When specifying a causal model, modellers have a number of options. These can be informed by field intelligence, priors, and even misguided attempts to find a significant result. Even with the best of intentions, research teams can reach entirely different conclusions using the same, or similar, data because of different choices made in preparing data or in modelling it.

Typically this happens when there isn’t a clear way to do ‘feature engineering’ on the data. For example, you have a high frequency time series which needs to be aggregated to a lower frequency: you could take the maximum, the minimum, or the average over each high frequency time period. A different choice may be appropriate in different settings.

There’s formal evidence that researchers really do make different decisions; this study gave the same research question - whether soccer referees are more likely to give red cards to dark-skin-toned players than to light-skin-toned players - to 29 different teams. From the abstract of that paper:

Analytic approaches varied widely across the teams, and the estimated effect sizes ranged from 0.89 to 2.93 (Mdn = 1.31) in odds-ratio units. Twenty teams (69%) found a statistically significant positive effect, and 9 teams (31%) did not observe a significant relationship. Overall, the 29 different analyses used 21 unique combinations of covariates. Neither analysts’ prior beliefs about the effect of interest nor their level of expertise readily explained the variation in the outcomes of the analyses.
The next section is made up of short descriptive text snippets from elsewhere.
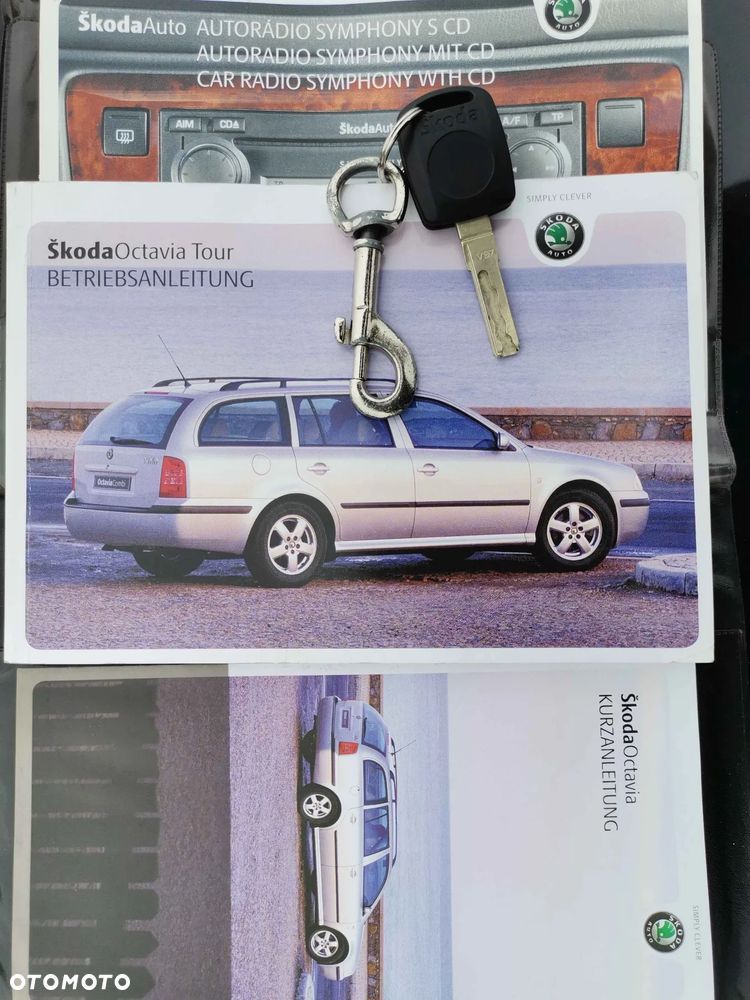 Skoda Octavia 1.6 Tour - 26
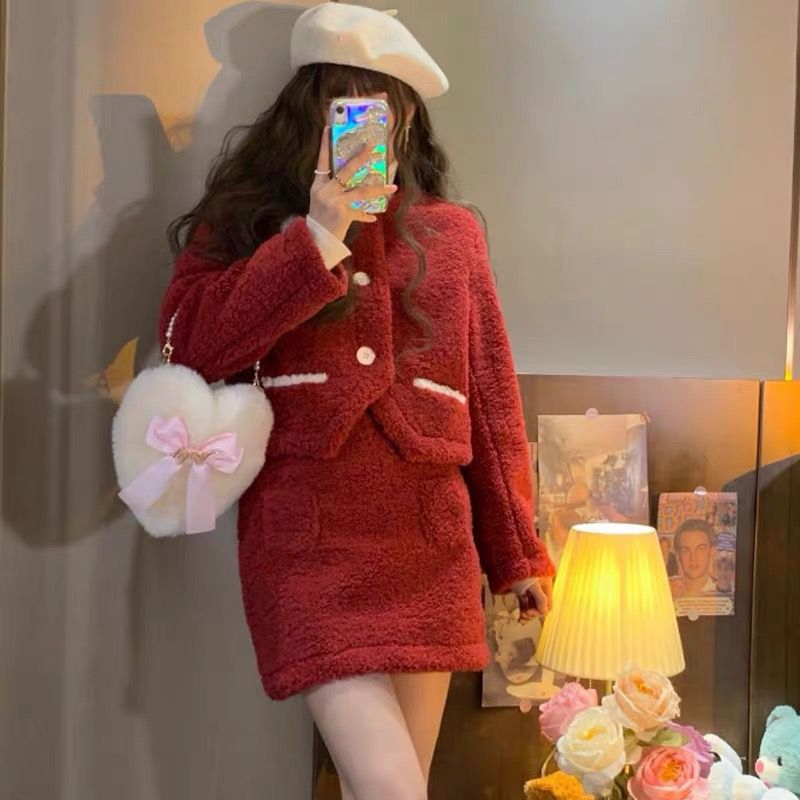 屬龍本命年衣服紅色女裝時尚龍年套裝復古羊羔毛外套+高腰a字短裙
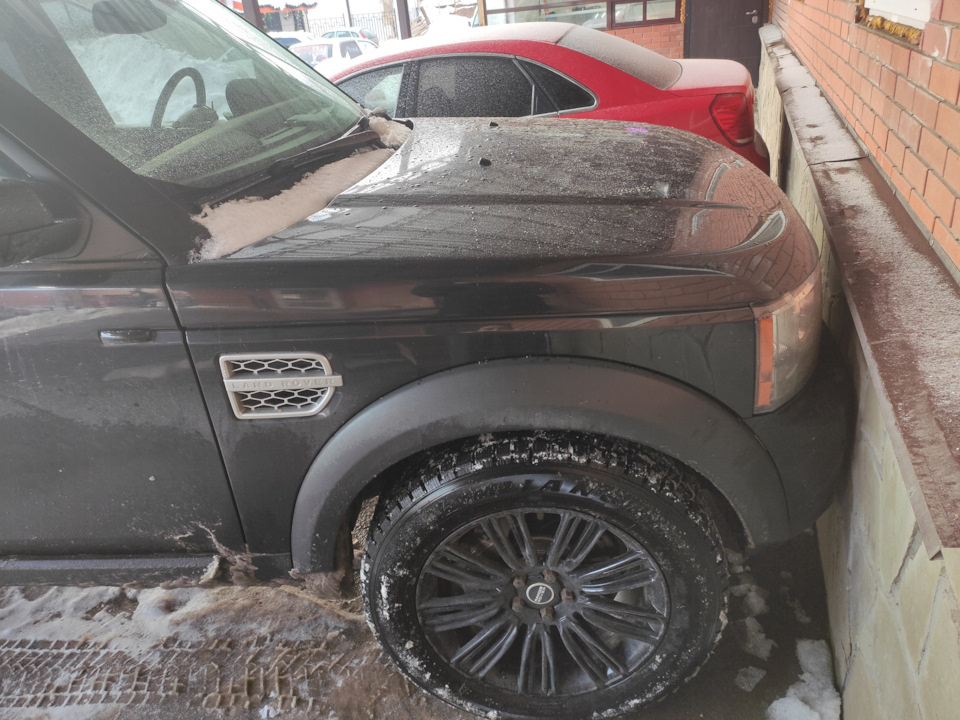 Ради прикола решил припарковаться поближе к стене у входа в магазин. Думал там еще сантиметр есть, оказалось, что около миллиметра. Забавно было наблюдать за лицами прохожих, которые внимательно рассматривали машину, пытаясь понять повреждена она или нет.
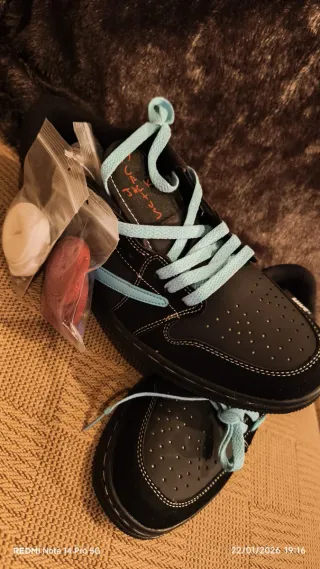 Zapatillas Negras y Turquesa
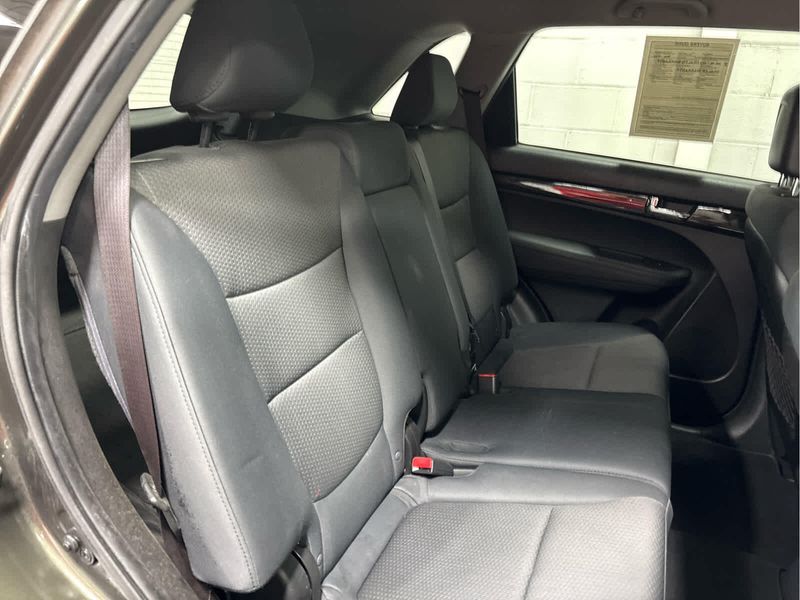 2012 Kia Sorento LX photo 30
Peer ratings of the quality of the analyses also did not account for the variability.

So not only were different decisions made, there seems to be no clearly identifiable reason for them (although, getting a bit meta, perhaps other authors would have analysed this question differently!)

There is usually scope for reasonable alternative model specifications when estimating causal coefficients, and those coefficients will vary with those specifications. Let’s abuse notation and call this property

\[\frac{\text{d} \beta}{\text{d} \text{ specification}}\]where $\beta$ is the coefficient of interest.

What can we do to ensure conclusions are robust to model specification change when that change is due to equally valid feature engineering-type choices? The art is all in deciding what is meant by, or what is a valid form for, $\text{d} \text{ specification}$ and showing that, even under different specifications, the estimates of $\beta$ are robust.

It’s standard in economics to include many different model specifications in order to demonstrate robustness to different specifications. For the same target variable in the same context, there might be five or six of these alternative specifications. The picture below, from Autor, Dorn, and Hanson’s paper China Syndrome, gives a flavour.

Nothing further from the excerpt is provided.